Critics say Monsanto appears determined to make it prohibitively expensive and time consuming for plaintiffs, both present and future, to sue. It has moved for mistrial 31 times so far, and sought dismissal of the case for "impermissible forum shopping" in moving it from Missouri to Illinois.
But Monsanto is hardly responsible for all trial delays. A month-long recess was forced in 1985, when one juror underwent an appendectomy and hysterectomy. For his part, the judge has officiated at the marriage of a juror's child and twice juggled the trial vacation to accommodate juror honeymoons. "This court cannot stand in the way of love," he states. Or of birth, for that matter. He declared a day off when one juror's mare dropped a foal.
The jurors range in age from mid-20s to early 70s. Old friends by now, they celebrate each anniversary of the Kemner trial with a birthday cake.
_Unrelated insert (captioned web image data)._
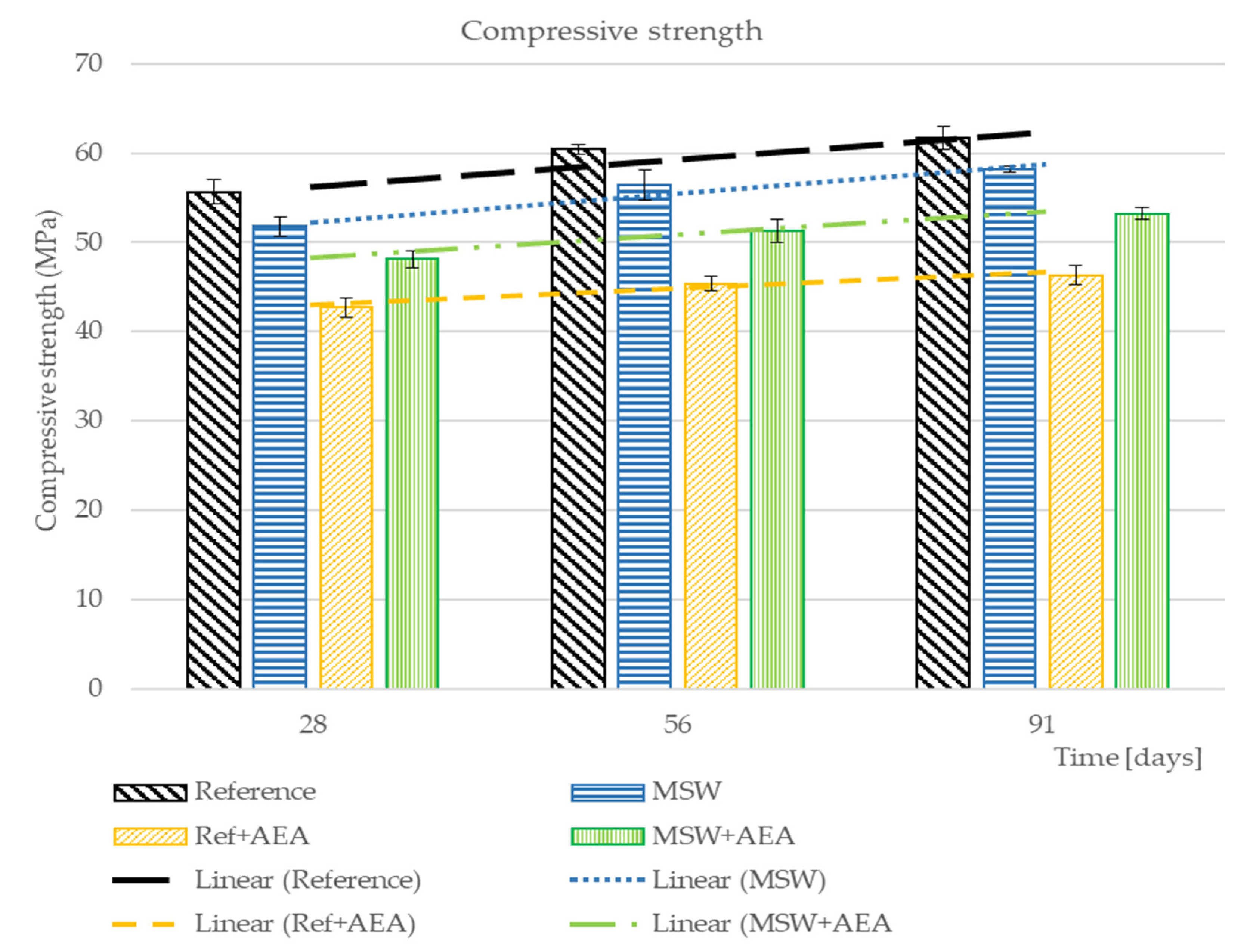 Materials 15 08287 g002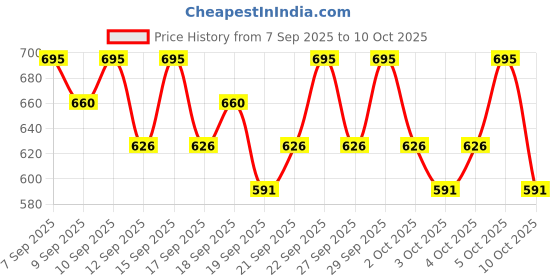 nykaa.com PAC Timeless Matte Liquid Lipstick pac Price History Graph from 7 Sep 2025 to 10 Oct 2025
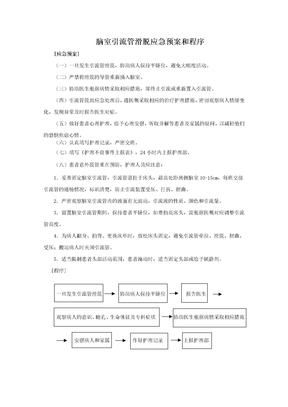 神经外科应急预案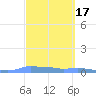 Mona Island tide chart for Tuesday, March 17, 2026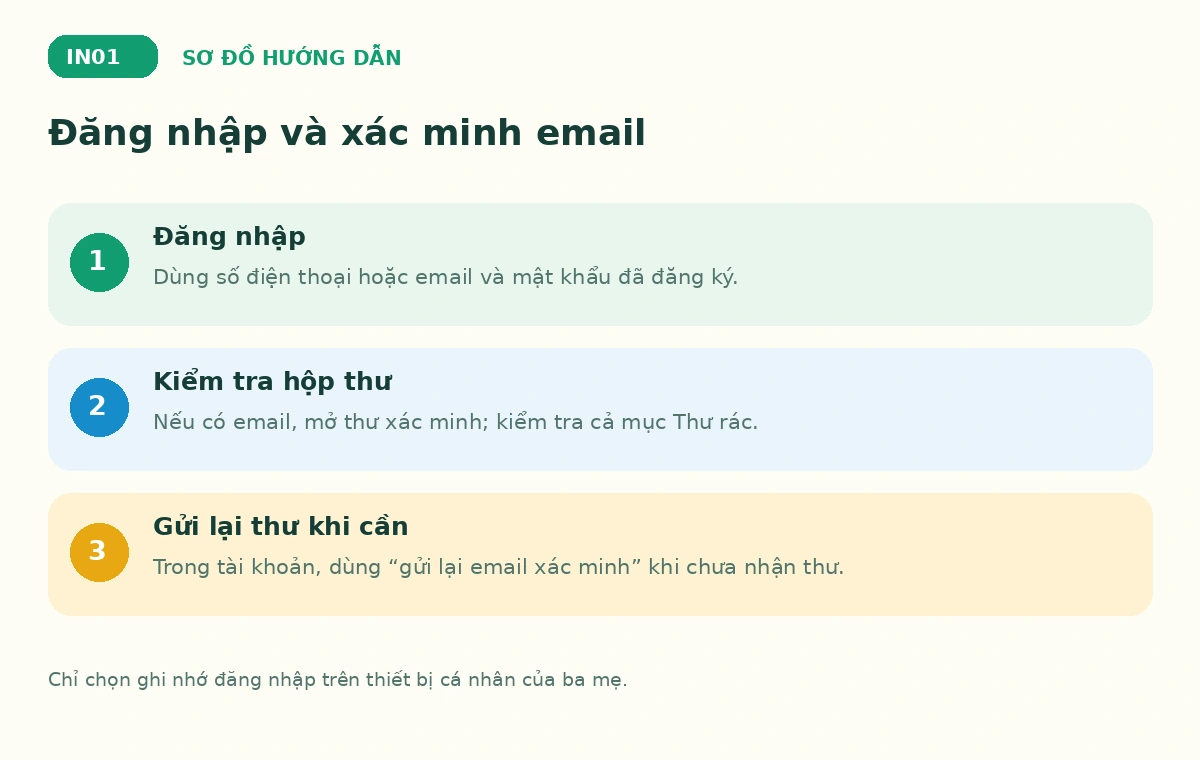 Sơ đồ đăng nhập Bé Ham Học và kiểm tra thư xác minh email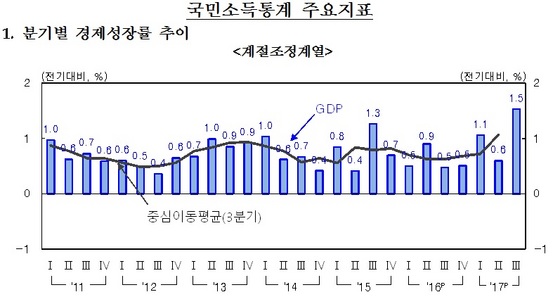 NSP통신- (한국은행)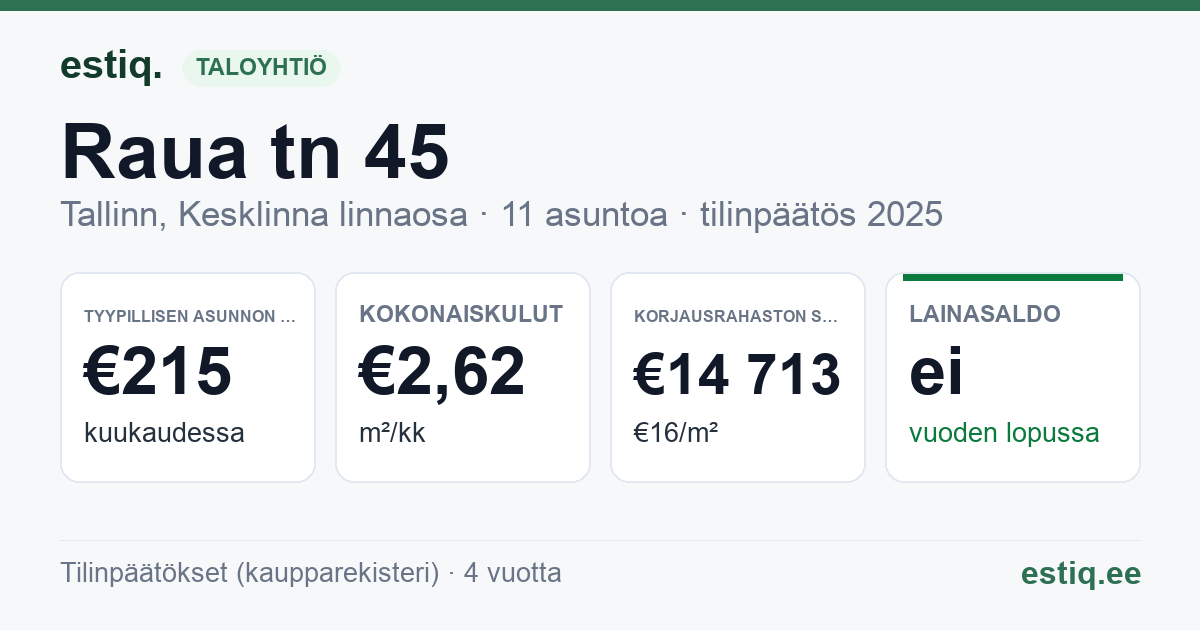 Tallinn, Raua tn 45 korteriühistu: tunnusluvut 2025 — tyypillinen asunto €215 / kk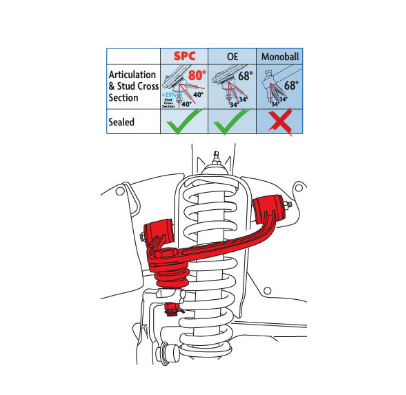SPC Performance Upper Adjustable Control Arms 2008-2022 Toyota Sequoia / 2007-2021 Tundra (pair)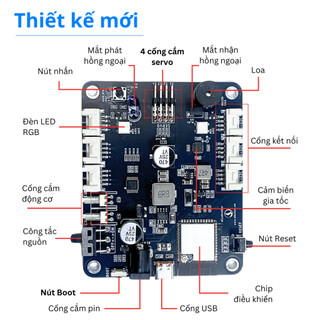 Bộ điều khiển robot xController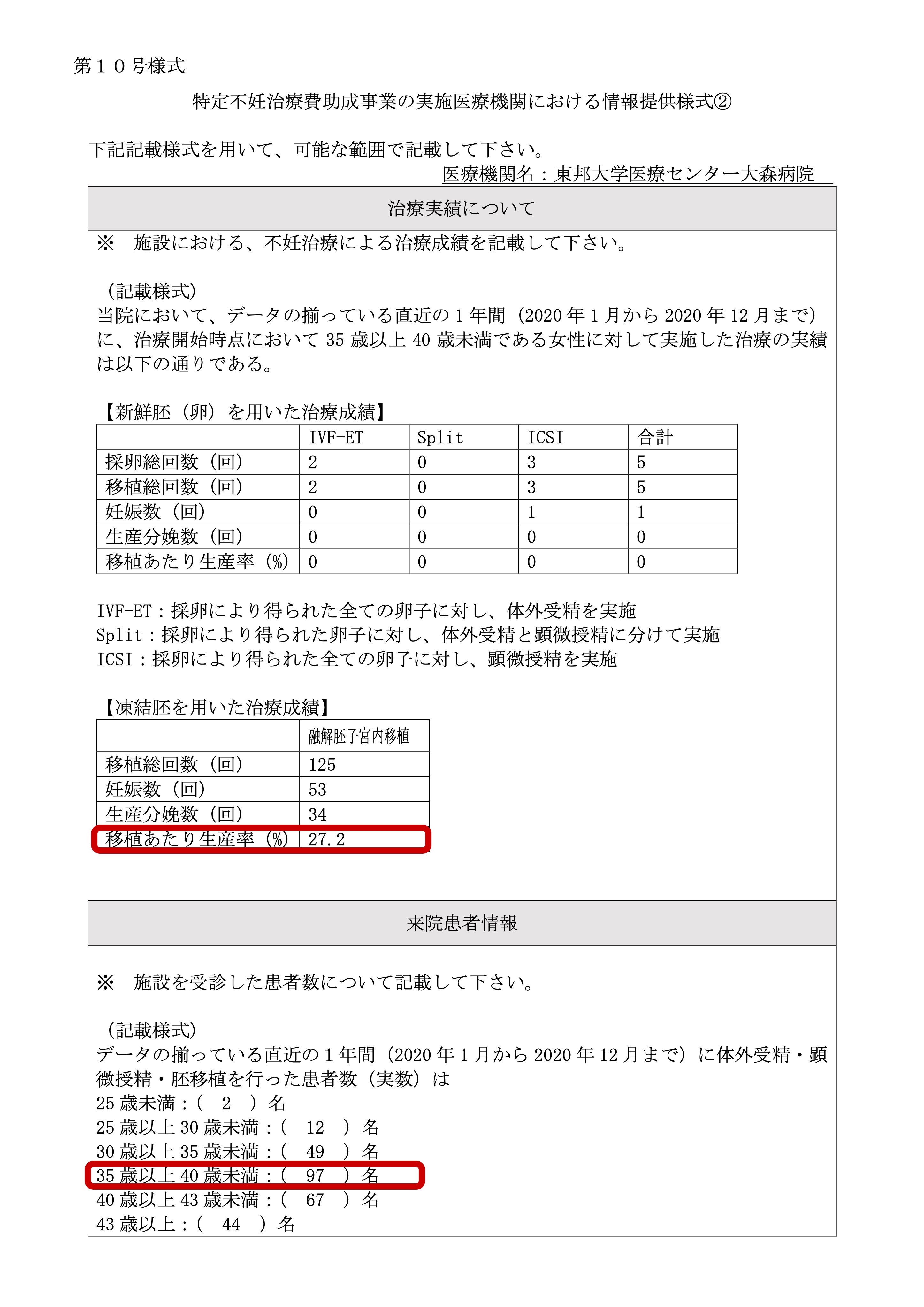 東邦大学医療センター大森病院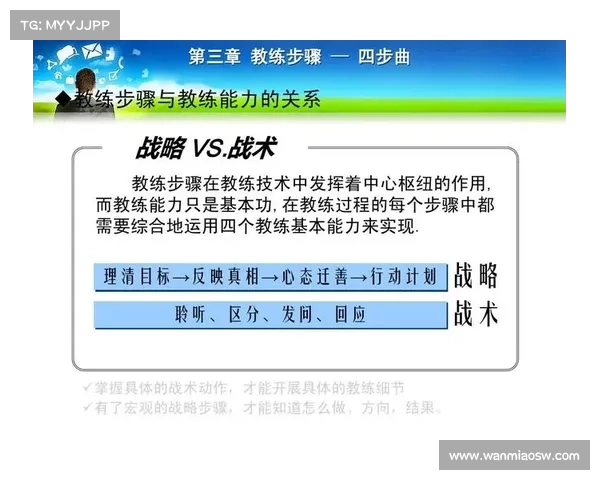 五个关键步骤助你全面掌握OBGG战术分析技巧与实战应用 五个关键步骤助你全面掌握OBGG战术分析技巧与实战应用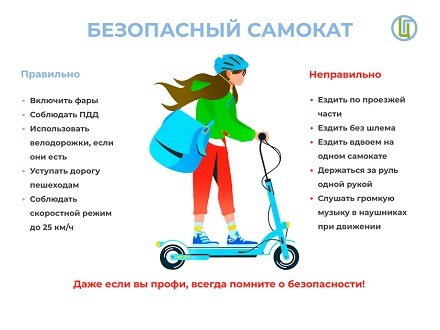 В Архангельске проведут акцию «Безопасный самокат»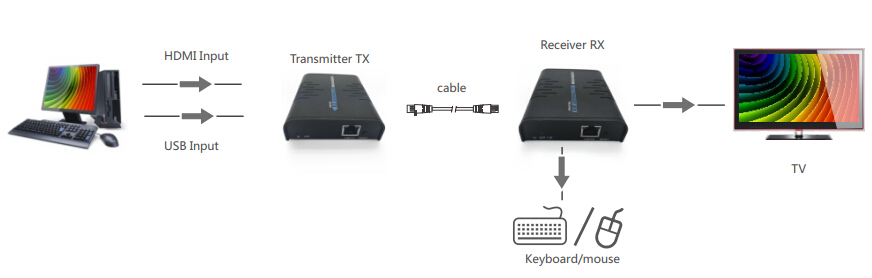 Bộ kéo dài HMDI 120M  LKV373A KVM với 2 cổng USB cắm phím chuột điều khiển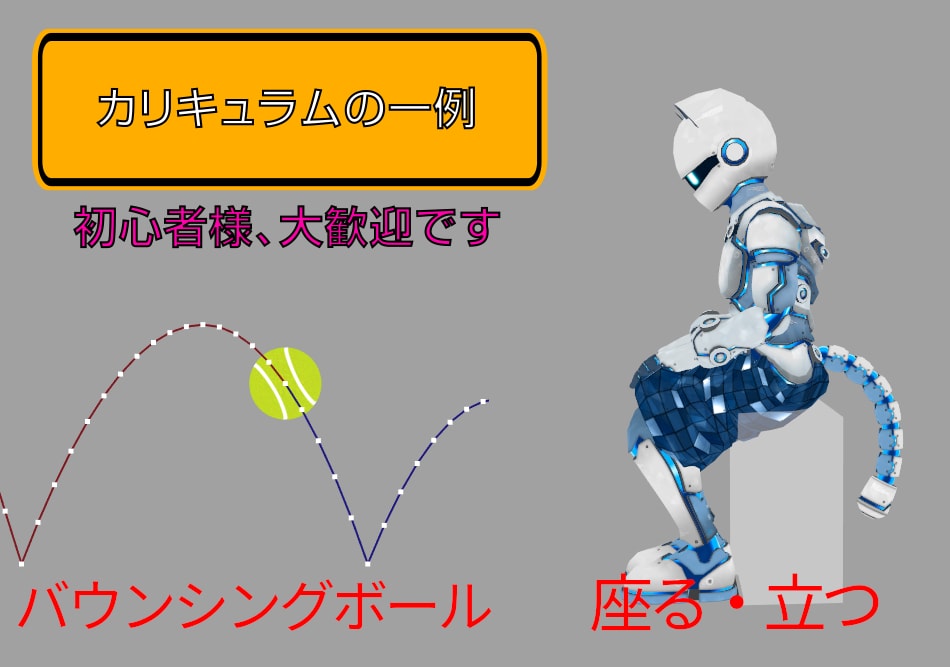 CGアニメーションお教えします アニメーションの基礎またはご希望の動きを丁寧にお教えします イメージ3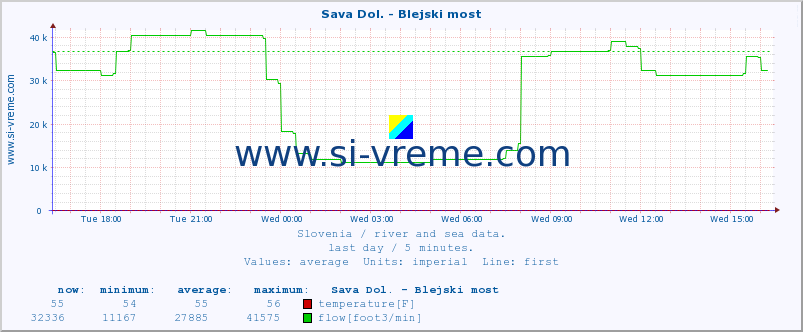  :: Sava Dol. - Blejski most :: temperature | flow | height :: last day / 5 minutes.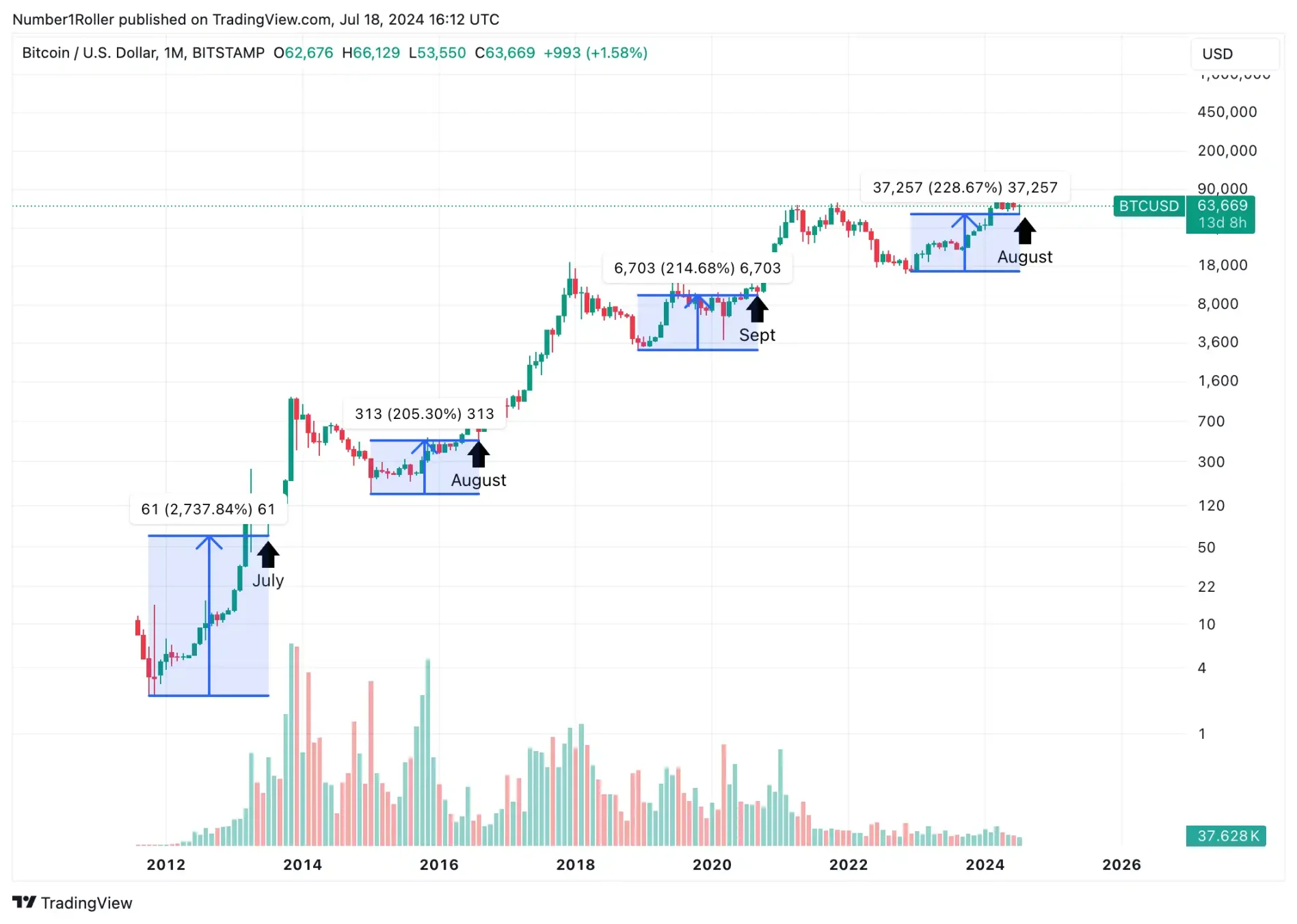 crypto market trend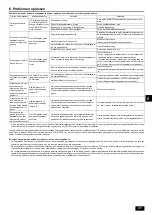 Preview for 31 page of Mitsubishi Electric City Multi PEFY-WP20VLRMM-E Operation Manual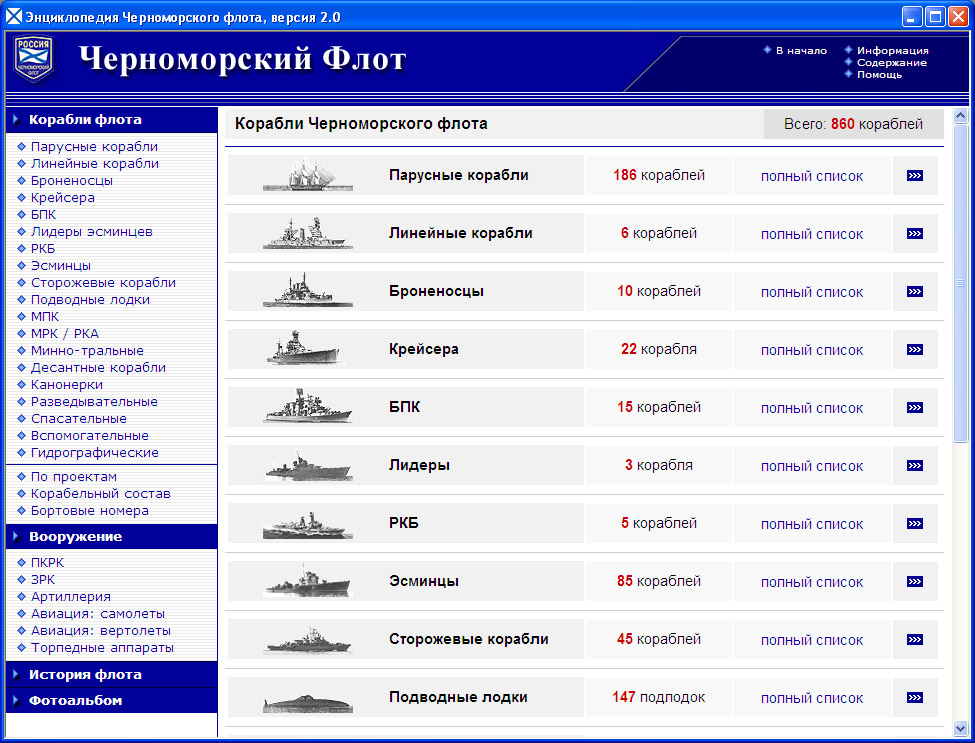 Сколько флотов в рф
Two years ago, on Judge Goldenhersh's 40th birthday, they presented him with a silver plaque inscribed with their names and juror numbers.
The jury will have to decide not only the question of Monsanto's guilt but the amount of damages to be assessed. If Monsanto loses, it will almost certainly appeal, in which case an appellate judge might take the better part of a year just to read over the record. Attorney friends have told Carr, who is 60, that he may be senile before he sees a dollar of Monsanto money. "Maybe," he replies, "I was senile when I agreed to get into this fight in the first place."